(Beginning of COLLECTED MATERIAL)
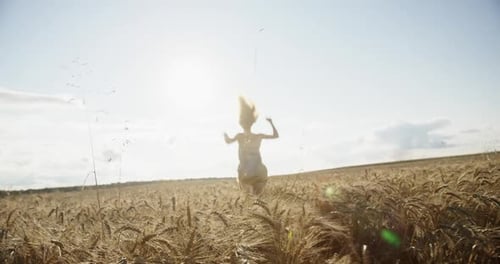 Young Woman Enjoying Freedom in Golden Wheat Field at Sunset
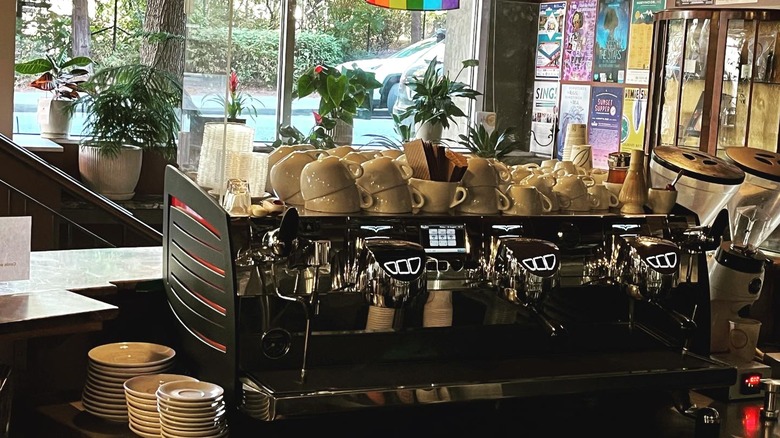 A silver espresso maker and stacked coffee mug sits on a café counter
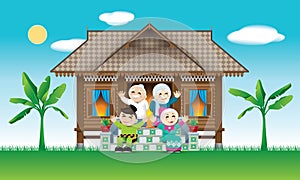 A Muslim family celebrating Raya festival in their traditional Malay style house. With village scene.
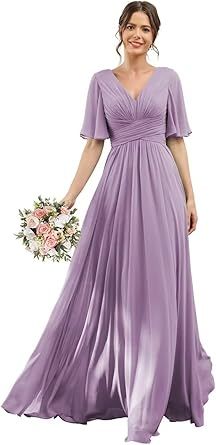 a woman in a long purple dress holding a bouquet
(End of COLLECTED MATERIAL)
* WHAT YOU ARE ASKED TO DO *
Could you give again precisely the lines from the one containing "A silver espresso" through the final line of the material above, both included, and no others, dropping the pictures?

* ANSWER SECTION *
 A silver espresso maker and stacked coffee mug sits on a café counter
 A Muslim family celebrating Raya festival in their traditional Malay style house. With village scene.
 a woman in a long purple dress holding a bouquet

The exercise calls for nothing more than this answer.